Software Tools for Data Analysis
STA 9750
Michael Weylandt
Week 3 – Thursday 2026-02-19
Last Updated: 2026-02-19

STA 9750 Week 3

Today: Lecture #03: Coding in R: Variables, Control Flow, Packages, Function Calls

These slides can be found online at:

https://michael-weylandt.com/STA9750/slides/slides03.html

In-class activities (if any) can be found at:

https://michael-weylandt.com/STA9750/labs/lab03.html

Upcoming TODO

Upcoming student responsibilities:

Date Time Details
2026-02-19 11:59pm ET Team Roster Submission
2026-02-20 11:59pm ET Mini-Project #00 Due
2026-02-26 6:00pm ET Team Contract Due
2026-02-26 6:00pm ET Project Proposal Presentation Slides Due
2026-03-01 11:59pm ET Mini-Project Peer Feedback #00 Due
2026-03-05 6:00pm ET Pre-Assignment #05 Due
2026-03-12 6:00pm ET Pre-Assignment #06 Due
2026-03-13 11:59pm ET Mini-Project #01 Due
2026-03-19 6:00pm ET Pre-Assignment #07 Due

Course Project

Course project description is now online

Detailed discussion of:

  • Project structure
  • Key deadlines
  • Grading rubrics

Please send me questions!

Team rosters due at midnight tonight.

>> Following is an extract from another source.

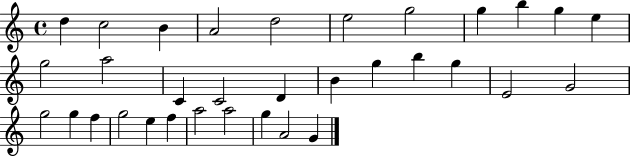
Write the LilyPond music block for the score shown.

If you don’t have a team, stick around after class and meet others without a team.

Course Project

  • Teams: 4-6 classmates
  • Stages:
    • Proposal (in class presentation)
    • Mid-semester check-in (in class presentation)
    • Final: in class presentation, individual report, summary report
  • Structure:
    • Shared “Overarching Question” (OQ)
    • Individual “Specific Question” (SQ, one per teammate)

Full description online

Course Project

Conceit:

  • Consultants hired by client interested in qualitative OQ
  • You break OQ into several quantitative SQs
  • Combine results from SQs to answer OQ

Process:

  • Proposal: Sales pitch for consultants - here’s the OQ we will answer
  • Mid-Semester: Scope of work - here’s the SQs and data we will use
  • End-of-Semester: Presentation of Results
    • Group Report: “Executive Summary”
    • Individual Reports: “Technical Appendices”

Course Project

Next week: project proposal presentations

Major goal:

  • What is the overarching / motivating question for your project?

See instructions for more

Post slides and team contract to Brightspace before class - you will present from your computer

Overarching Question

Example Topic: NYC Apartment Prices

  • Very Bad: Is there a relationship between rent and location?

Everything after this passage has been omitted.